Over time, storage devices can acquire uncorrectable media errors often called “bad blocks”. A bad block is a part of a storage media that is either inaccessible or unwritable due to a permanent physical damage. In case of memory mapped I/O, if a process tries to access (read or write) the corrupted block, it will be terminated by the SIGBUS signal.
PMDK libraries can handle bad blocks if the CHECK_BAD_BLOCKS
compat feature
is turned on. Currently (PMDK v1.5) it is disabled by default
because it requires super user privileges.

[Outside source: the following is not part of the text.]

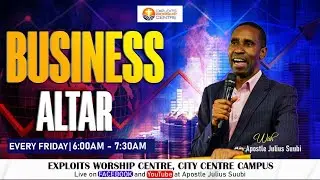 FREEDOM HOUR SERVICE\\BUSINESS ALTAR-30TH JANUARY 2026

It can be turned on using
pmempool-feature.
If the CHECK_BAD_BLOCKS
compat feature is turned on, several features
are available:
pmempool-info
prints out information about bad blocks in the poolpmempool-check
checks if the pool contains bad blockspmempool-sync
tries to fix bad blocks in libpmemobj pool using its replicasUsing pmempool-feature
one can enable or disable the CHECK_BAD_BLOCKS
compat feature:
$ pmempool feature --enable CHECK_BAD_BLOCKS ./poolset.file
$ pmempool feature --disable CHECK_BAD_BLOCKS ./poolset.file
The CHECK_BAD_BLOCKS
compat feature enables checking and fixing bad blocks.
Currently (Linux kernel v4.19, libndctl v62) these operations require
read access to the following resource files (containing physical addresses)
of NVDIMM devices which only the super user can read by default:
/sys/bus/nd/devices/ndbus*/region*/resource
/sys/bus/nd/devices/ndbus*/region*/dax*/resource
/sys/bus/nd/devices/ndbus*/region*/pfn*/resource
/sys/bus/nd/devices/ndbus*/region*/namespace*/resource
If the CHECK_BAD_BLOCKS
compat feature is enabled, then the pool is checked
if it contains bad blocks during opening and during creating
(when the pool is created using an already existing zeroed file(s)).
If it does then opening/creating fails.
If the CHECK_BAD_BLOCKS
compat feature is enabled and the user does not have
enough permissions (see pmempool-feature) to be able
to check if the pool contains bad blocks then opening/creating fails either.
If the CHECK_BAD_BLOCKS
compat feature is enabled or --bad-blocks=yes
option is used then pmempool-info
prints out information about bad blocks
in the pool, for example:
$ pmempool info --bad-blocks=yes ./poolset.file
Poolset structure:
Number of replicas : 1
Replica 0 (master) - local, 1 part(s):
part 0:
path : /dev/dax1.0
type : device dax
size : 62922752
alignment : 4096
bad blocks:
offset length
11 1
[...]
If the CHECK_BAD_BLOCKS
compat feature is enabled, pmempool-check
checks
if the pool contains bad blocks, for example:
$ pmempool check ./poolset.file
poolset contains bad blocks, use 'pmempool info --bad-blocks=yes' to print or 'pmempool sync --bad-blocks' to clear them
./poolset.file: cannot repair
Attention: this feature is available only for libpmemobj pools.
If the CHECK_BAD_BLOCKS
compat feature is enabled or --bad-blocks
option is used then pmempool-sync
tries to fix bad blocks in the libpmemobj
pool using its replicas:
$ pmempool sync --bad-blocks ./poolset.file
./poolset.file: synchronized
Synchronization can fail if a part of the pool has uncorrectable errors in all replicas:
$ pmempool sync --bad-blocks ./poolset.file
error: failed to synchronize: a part of the pool has uncorrectable errors in all replicas
error: Invalid argument
Fixing bad blocks causes creating or reading special recovery files. When bad blocks are detected, special recovery files have to be created in order to fix them safely. A separate recovery file is created per each part of the pool. The recovery files are created in the same directory as the poolset file, using the following name pattern:
<poolset-file-name>_r<replica-number>_p<part-number>_badblocks.txt
for example:
poolset.file_r0_p0_badblocks.txt
for part #0 of replica #0. These recovery files are automatically removed if the sync operation finishes successfully.
If the last sync operation was interrupted and not finished correctly
(eg. pmempool crashed) and the bad blocks fixing procedure was
in progress, the bad block recovery files may be left over. In such case
bad blocks might have been cleared and zeroed, but the correct data from these
blocks was not recovered (not copied from a healthy replica), so the recovery
files MUST NOT be deleted manually, because it would cause a data loss.
If bad block recovery files are present, opening a pool will always fail.
In such case pmempool-sync
should be run again with the --bad-blocks
option.
It will finish the previously interrupted sync operation and copy correct data
to zeroed bad blocks using the left-over bad block recovery files
(the bad blocks will be read from the saved recovery files). Pmempool will
delete the recovery files automatically at the end of the sync operation.